* About this task
Transcribe each entry exactly, without pictures.
========================
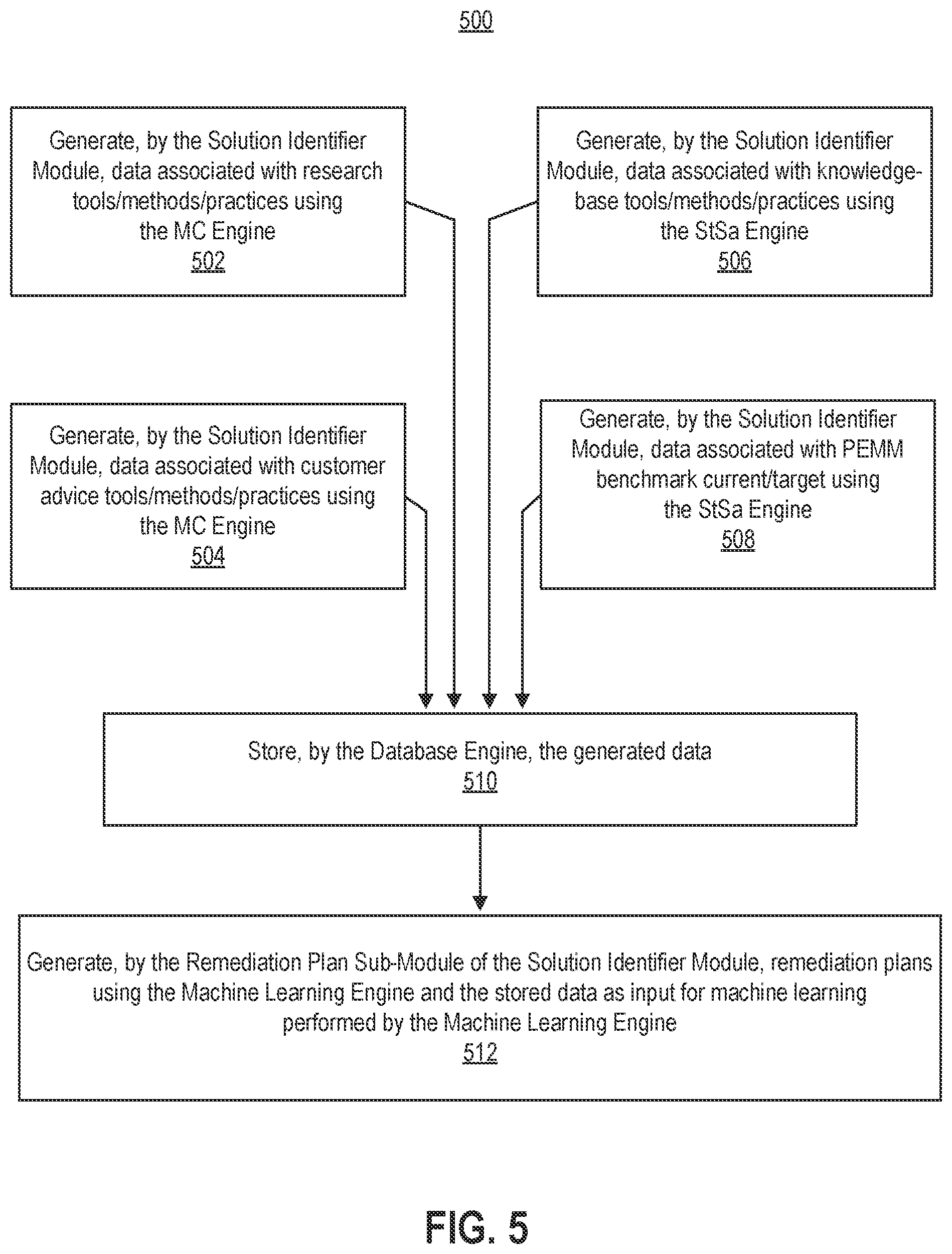 Patent US11847597 Figure 5 – Computer network with a performance engineering maturity model system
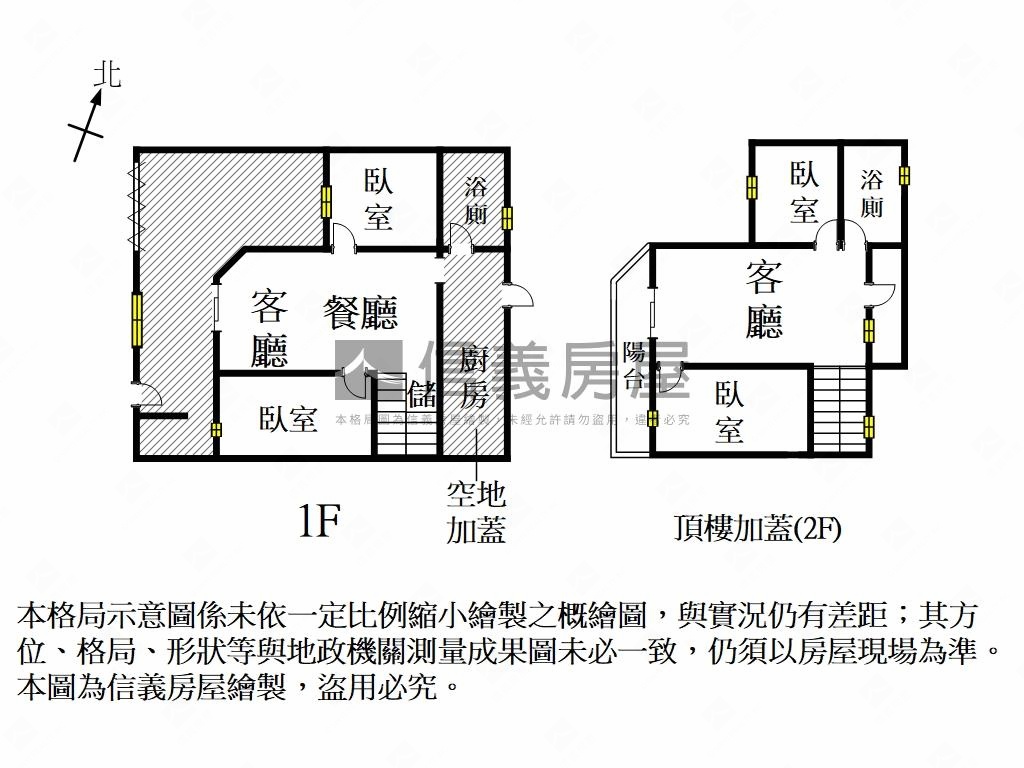 國安商圈大地坪透天房屋室內格局與周邊環境
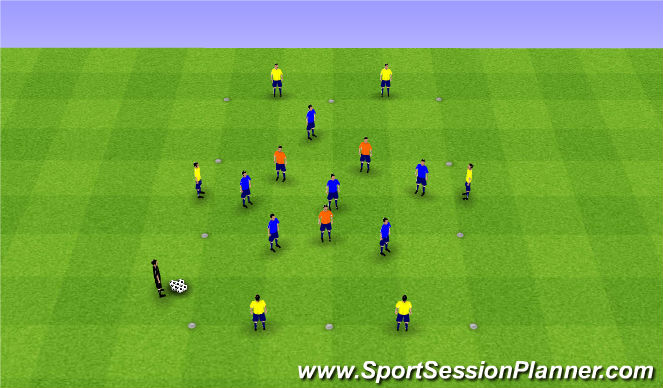 Football/Soccer Session Plan Drill (Colour): Possession: Positional play (6v6+3)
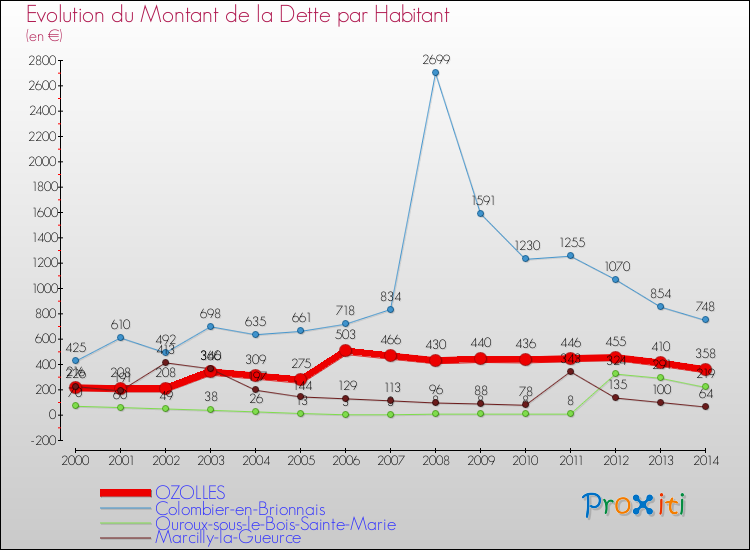 Evolution de la dette par habitant pour la commune de OZOLLES et les communes proches de 2000 à 2014 Comparaison de la dette par habitant pour OZOLLES et les communes voisines de 2000 à 2014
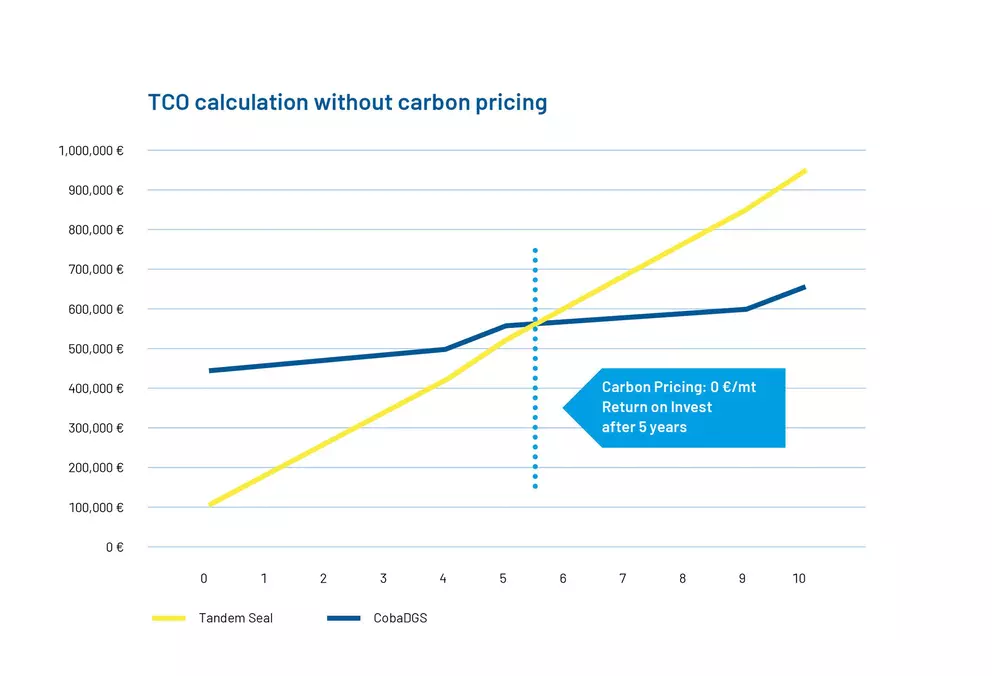 TCO comparison chart without carbon pricing showing lower long-term total cost of ownership and five-year ROI for CobaDGS versus tandem seals.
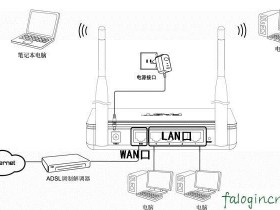 迅捷网络fw300r设置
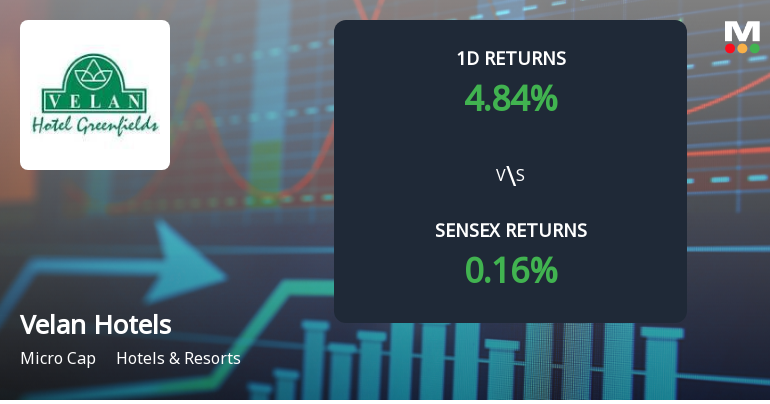 Velan Hotels Surges with Unprecedented Buying Interest Amid Upper Circuit Lock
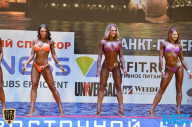 Чемпионат России по бодибилдингу - 2015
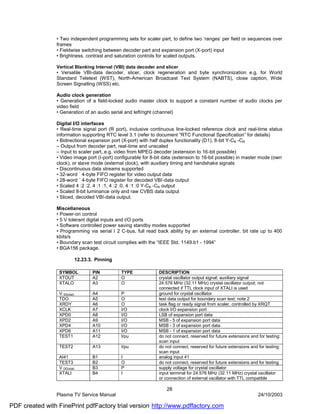 • Two independent programming sets for scaler part, to define two ‘ranges’ per field or sequences over
                frames
                • Fieldwise switching between decoder part and expansion port (X-port) input
                • Brightness, contrast and saturation controls for scaled outputs.

                Vertical Blanking Interval (VBI) data decoder and slicer
                • Versatile VBI-data decoder, slicer, clock regeneration and byte synchronization e.g. for World
                Standard Teletext (WST), North-American Broadcast Text System (NABTS), close caption, Wide
                Screen Signalling (WSS) etc.

                Audio clock generation
                • Generation of a field-locked audio master clock to support a constant number of audio clocks per
                video field
                • Generation of an audio serial and left/right (channel)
========================
* Written response
 Patent US11847597 Figure 5 – Computer network with a performance engineering maturity model system
 國安商圈大地坪透天房屋室內格局與周邊環境
 Football/Soccer Session Plan Drill (Colour): Possession: Positional play (6v6+3)
 Evolution de la dette par habitant pour la commune de OZOLLES et les communes proches de 2000 à 2014 Comparaison de la dette par habitant pour OZOLLES et les communes voisines de 2000 à 2014
 TCO comparison chart without carbon pricing showing lower long-term total cost of ownership and five-year ROI for CobaDGS versus tandem seals.
 迅捷网络fw300r设置
 Velan Hotels Surges with Unprecedented Buying Interest Amid Upper Circuit Lock
 Чемпионат России по бодибилдингу - 2015
 • Two independent programming sets for scaler part, to define two ‘ranges’ per field or sequences over
                frames
                • Fieldwise switching between decoder part and expansion port (X-port) input
                • Brightness, contrast and saturation controls for scaled outputs.

                Vertical Blanking Interval (VBI) data decoder and slicer
                • Versatile VBI-data decoder, slicer, clock regeneration and byte synchronization e.g. for World
                Standard Teletext (WST), North-American Broadcast Text System (NABTS), close caption, Wide
                Screen Signalling (WSS) etc.

                Audio clock generation
                • Generation of a field-locked audio master clock to support a constant number of audio clocks per
                video field
                • Generation of an audio serial and left/right (channel)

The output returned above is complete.